Brimblecombe v Walker (No 2)
[2015] QDC 54
•16 March 2015
DISTRICT COURT OF QUEENSLAND
CITATION:
Brimblecombe v Walker & Anor (No 2) [2015] QDC 54
PARTIES:
RICHARD BRIMBLECOMBE
(plaintiff)v
DOUGALD WALKER
(first defendant)and
ABRE DE VILLIERS
(second defendant)FILE NO:
4231 of 2014
DIVISION:
Trial (Civil)
PROCEEDING:
Claim
ORIGINATING COURT:
Brisbane District Court
DELIVERED ON:
16 March 2015
DELIVERED AT:
Brisbane
HEARING DATE:
On the papers
JUDGE:
Dorney QC, DCJ
ORDER:
1. The defendants pay the plaintiff’s costs of the application.
CATCHWORDS:
Costs
LEGISLATION CITED:
Uniform Civil Procedure Rules 1999, r 681(1)
CASES CITED:
Murdoch v Lake [2014] QCA 269
COUNSEL:
P J McCafferty for the first and second defendants (applicants)
M Martin QC for the plaintiff (respondent)
SOLICITORS:
Bennett and Philp Lawyers for the first defendant (applicant)
McBride Legal for the second defendant (applicant)
Mills Oakley for the plaintiff (respondent)
Introduction
On 24 February 2015, when ordering that the amended application be dismissed, I gave leave to both parties to file, and serve, successively, submissions on costs. That has been done.
Defendants’ submissions
The defendants were the unsuccessful applicants. They submit that the appropriate order is that the costs of the application be reserved to the trial judge.
That submission is based upon four grounds:
· that the application was, in part, successful, because it was only during the course of the application that the plaintiff conceded that the original publication was, in fact, statute barred;
· that the application was with merit, in particular with respect to the issue of whether the plaintiff consented to the republication sued upon;
· that the only basis upon which the application was unsuccessful on the issue of the defence of consent was the result of a late filed affidavit on the day of hearing, which raised facts which were held to be properly the subject of evidence at trial; and
· that, on the issue of the defence qualified privilege, it was not until oral submissions on the date of hearing that the plaintiff sought to raise the argument about alleged malice originally, and its effect on the republication.
Plaintiff’s submissions
In answer to the defendants’ submissions, the plaintiff contended:
· that the application was wholly unsuccessful, rebutting, in particular, the alleged late concession by the plaintiff about the barring of the cause of action based on the original publication (which I dealt with in my Reasons);
· that, as to the question of consent, the defendants were determined to agitate the question only after the plaintiff made an affidavit saying that he voted in favour of making the complaint to ASIC (being an affidavit sworn three days prior to the hearing) and that the further affidavit had clarified and expanded upon what had happened when the vote was taken;
· that the question of consent was always something that required a trial; and
· that there was always to be a factual enquiry with respect to the defence of qualified privilege (referring to paragraphs [43]-[46] of my Reasons).
Consideration
First, I see no particular reason why this matter of costs needs to be reserved. I am aware of all the grounds that are relied upon by both sets of parties which are agitated in their submissions. I am of the view that the trial judge, if any, would be in a no better position than I am on this score. And it is not a question of awaiting factual findings at trial to be able to determine what different outcome might have been achieved here, with such additional facts.

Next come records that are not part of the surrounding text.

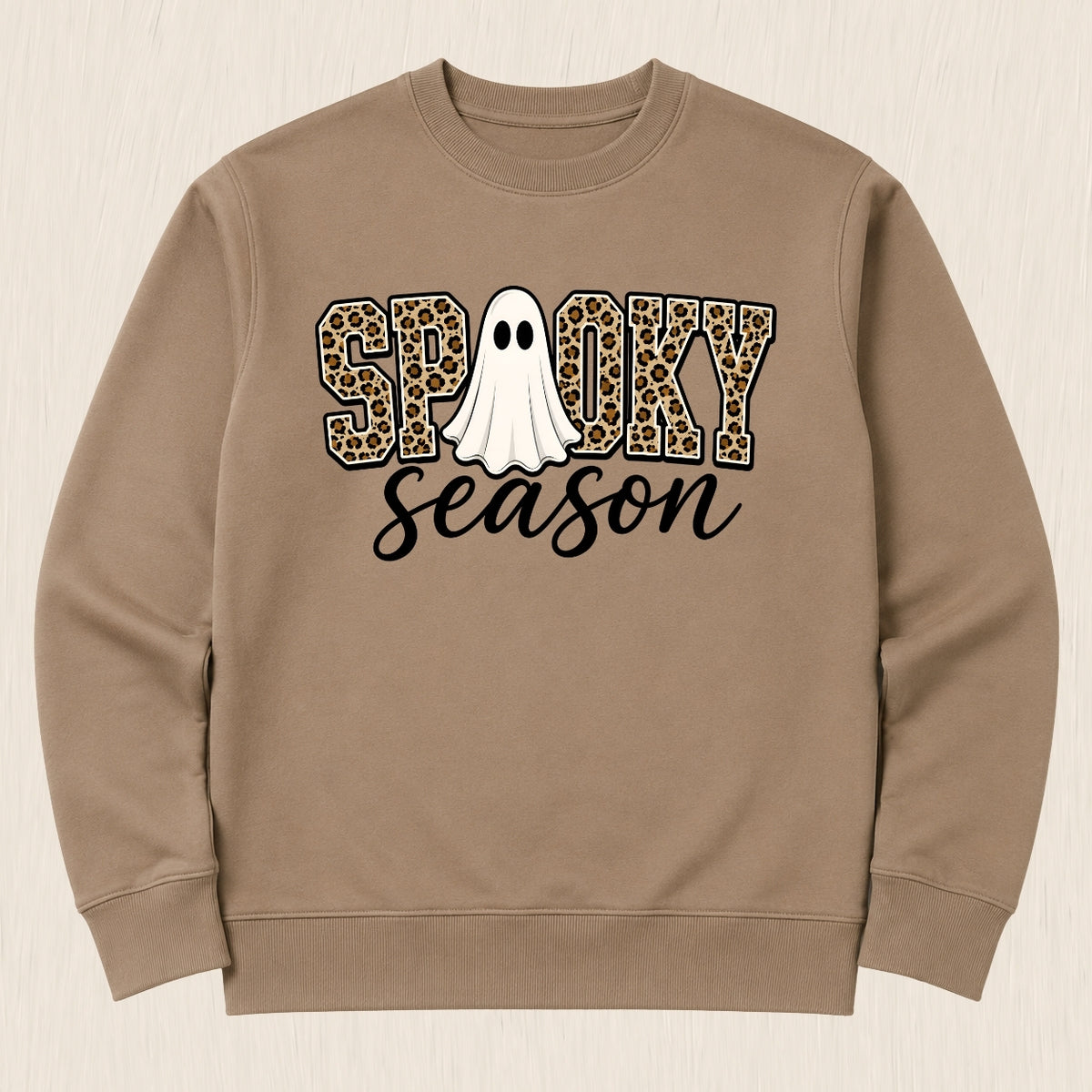 Jaguar Spooky Season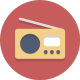 Sri Lanka English Radios APK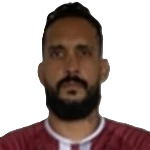 Douglas Dias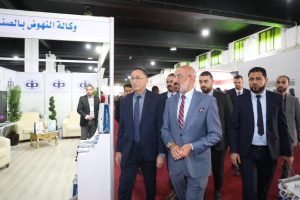 WhatsApp Image 2023-01-17 at 7.34.56 PM (1)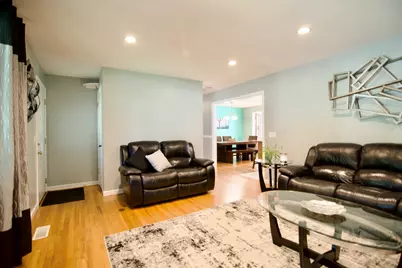 116 Warwick Dr, Ludlow, MA 01056 - Photo 11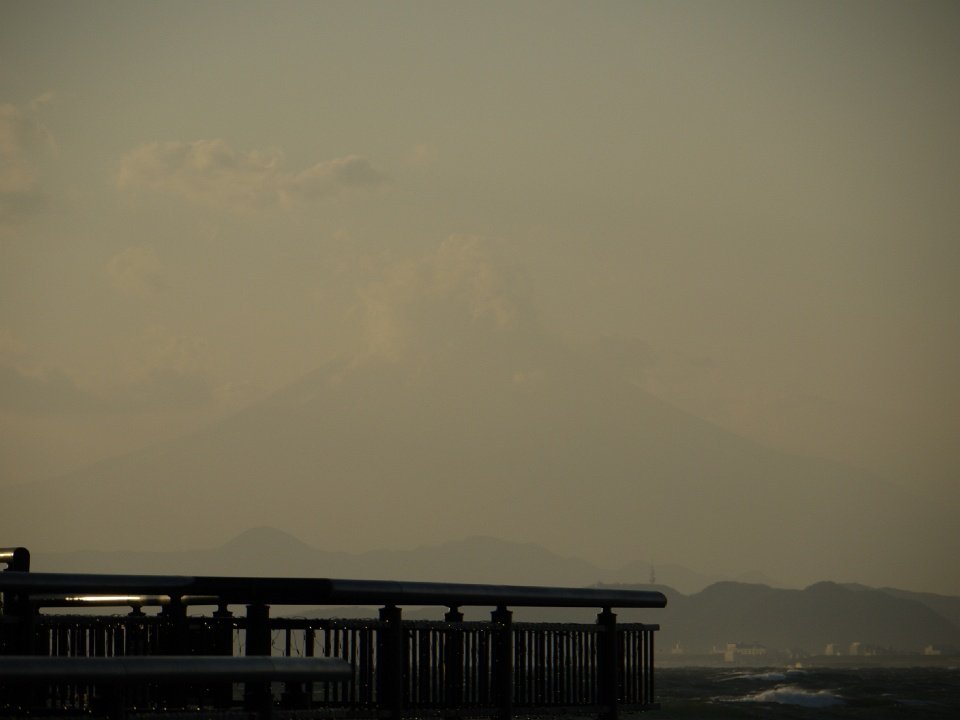 P1080999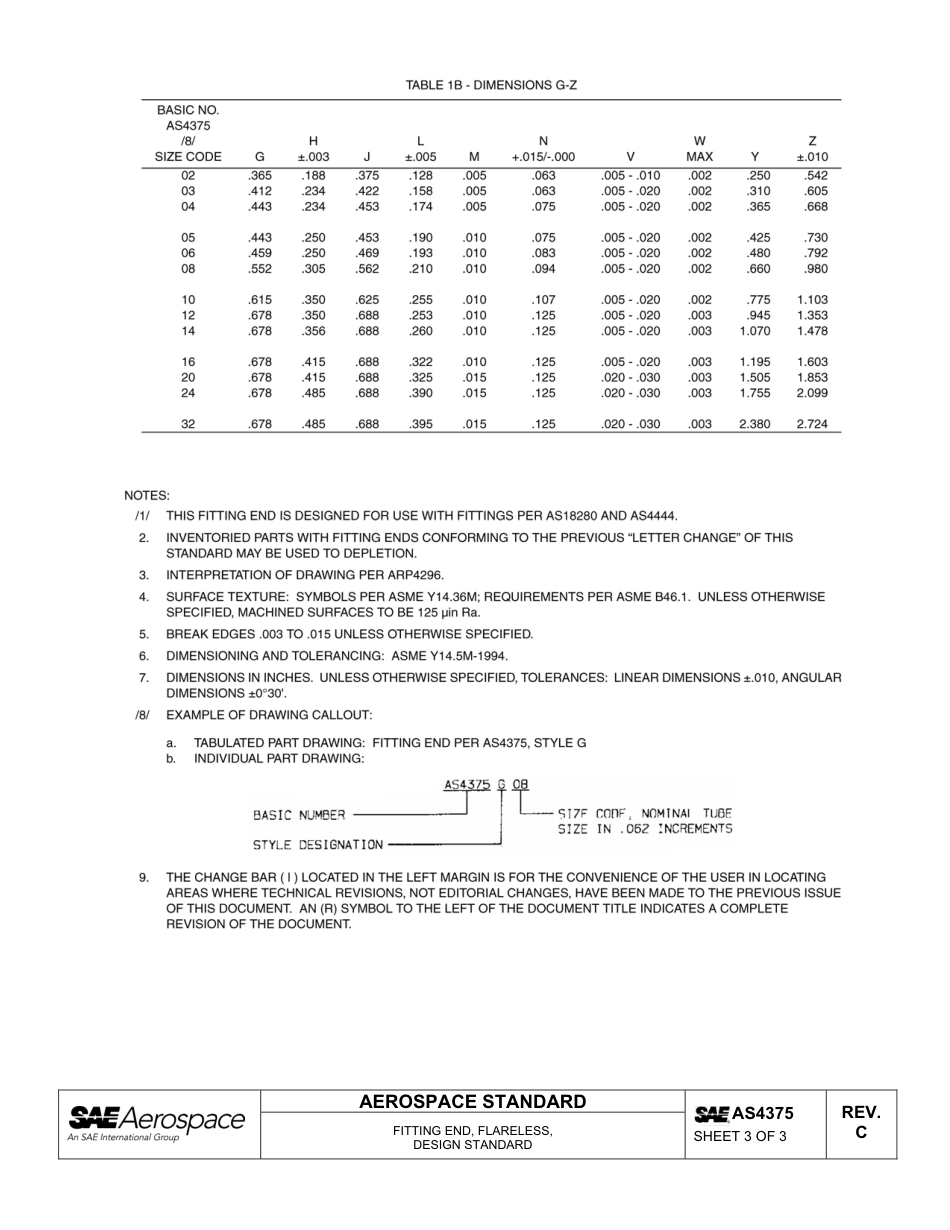 SAE AS4375C-2013.pdf_第3页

Secondly, r 681(1) of the Uniform Civil Procedure Rules 1999 (“UCPR”) provides that costs of a proceeding, “including an application in a proceeding”, are in the discretion of the court but follow the event, unless the court orders otherwise.

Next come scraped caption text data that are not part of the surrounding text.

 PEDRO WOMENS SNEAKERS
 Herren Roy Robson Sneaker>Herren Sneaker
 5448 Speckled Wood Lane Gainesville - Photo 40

As canvassed in Murdoch v Lake [2014] QCA 269, the “event” there referred to is to be determined by reference to “the events or issues, if more than one, arising in the proceedings” – but a party which has not been entirely successful is not “inevitably” or even, perhaps, “normally” deprived of some of its costs: at [20]-[21].
This application, as the Reasons show, involved some questions of some complexity and was agitated, on both sides, with very few, if any, concessions.

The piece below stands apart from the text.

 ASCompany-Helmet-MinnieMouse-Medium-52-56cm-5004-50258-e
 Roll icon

Accordingly, I viewed the application, in total, as an integrated application that sought to determine the whole of the proceeding in favour of the defendants. To that extent, the defendants were unsuccessful.
Moreover, I am of the view that the circumstances of this application provide no reason why the discretion to be exercised as to the matter of costs should be not undertaken according to the overall outcome, especially where there is a clear rejection of the outcome the defendants sought.
As for the alleged lateness, I find that no party was disadvantaged by the way in which the issues arose and that both parties contested the application seeking, on the defendants’ part, the end of the proceeding and, on the plaintiff’s part, a trial of the proceeding on all contested issues. On that, the plaintiff was entirely successful.
Accordingly, I intend, as I originally indicated in my Reasons, to order that the defendants pay the plaintiff’s costs of the application.